== To do ==
Your answer must consist of the records exactly as given, with no pictures included.

+++ Records provided

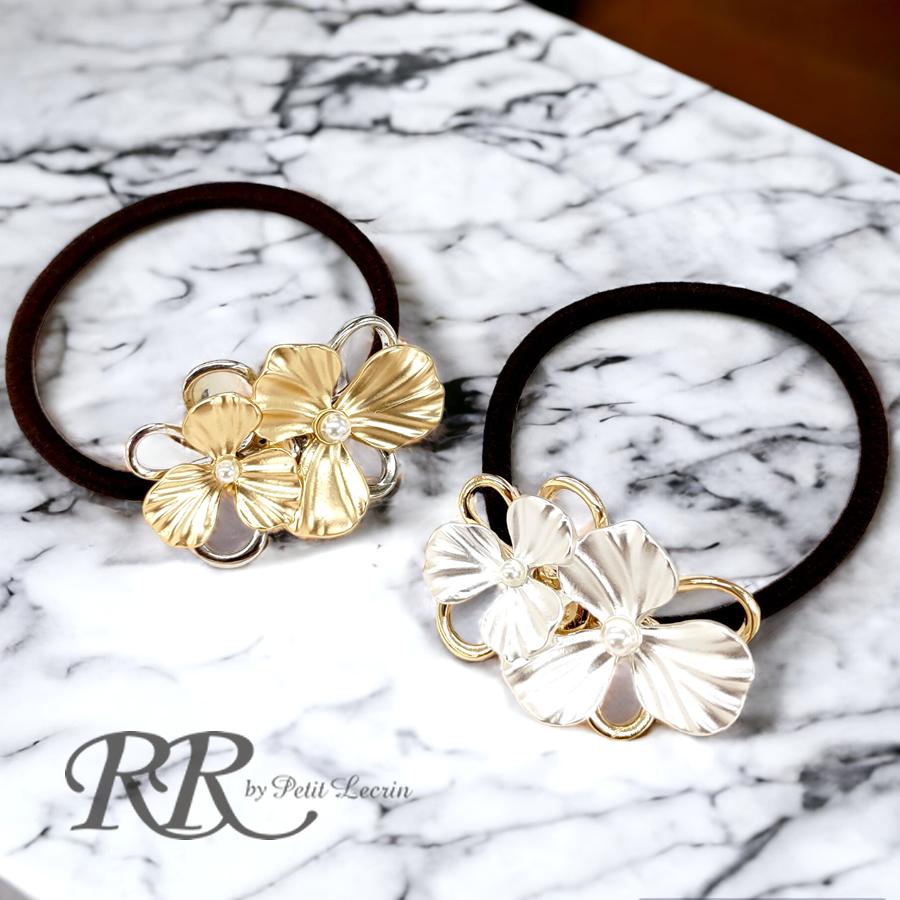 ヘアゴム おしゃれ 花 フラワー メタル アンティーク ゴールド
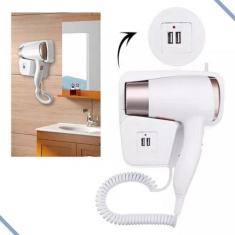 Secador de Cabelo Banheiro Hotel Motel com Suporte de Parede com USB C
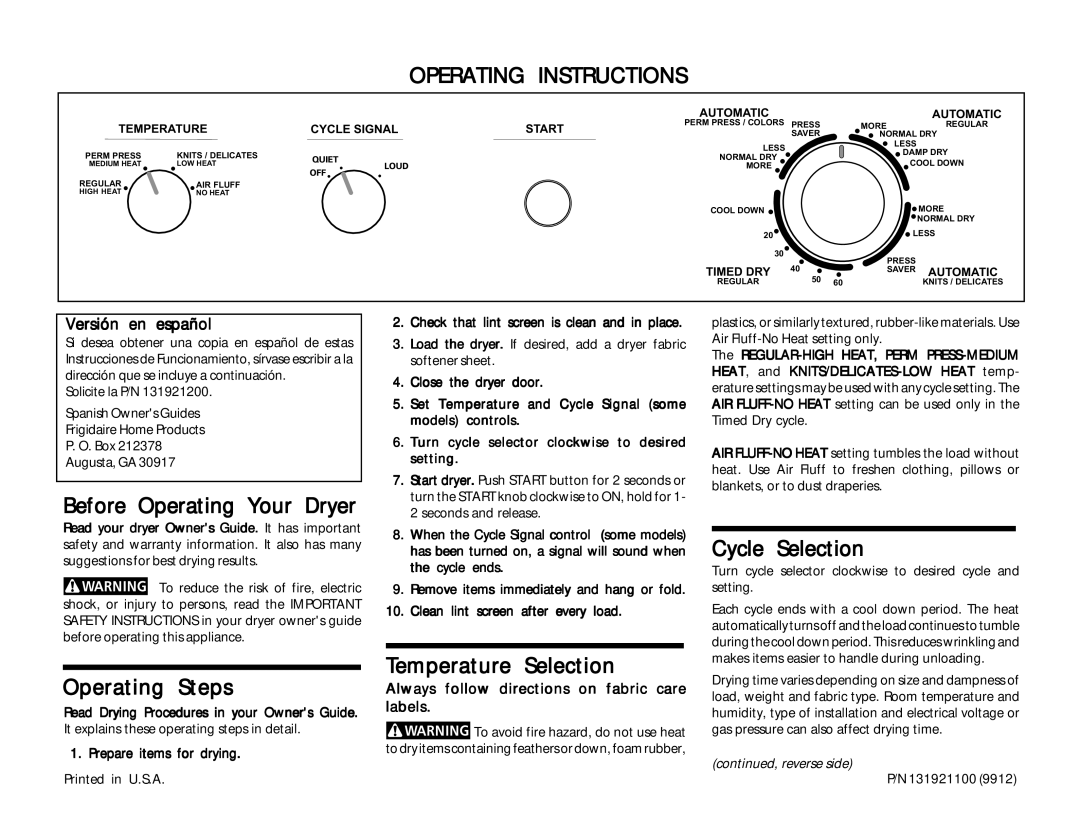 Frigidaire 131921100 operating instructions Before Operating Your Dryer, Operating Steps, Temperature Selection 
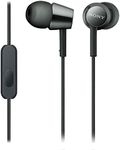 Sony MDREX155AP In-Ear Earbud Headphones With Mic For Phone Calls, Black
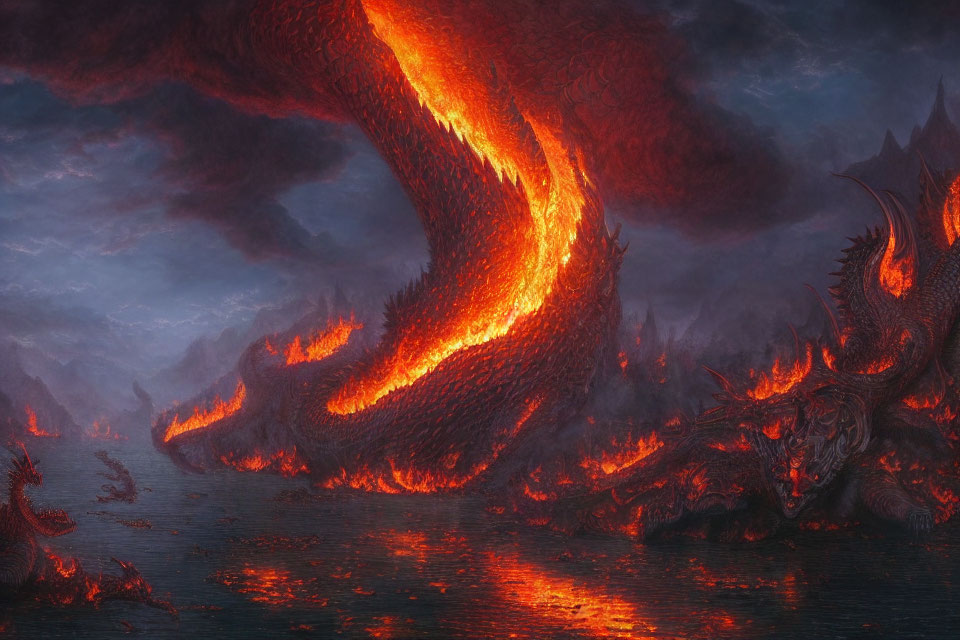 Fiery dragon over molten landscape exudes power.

++++++

== Exercise solution ==
 ヘアゴム おしゃれ 花 フラワー メタル アンティーク ゴールド
 Secador de Cabelo Banheiro Hotel Motel com Suporte de Parede com USB C
 Frigidaire 131921100 operating instructions Before Operating Your Dryer, Operating Steps, Temperature Selection 
 Sony MDREX155AP In-Ear Earbud Headphones With Mic For Phone Calls, Black
 Fiery dragon over molten landscape exudes power.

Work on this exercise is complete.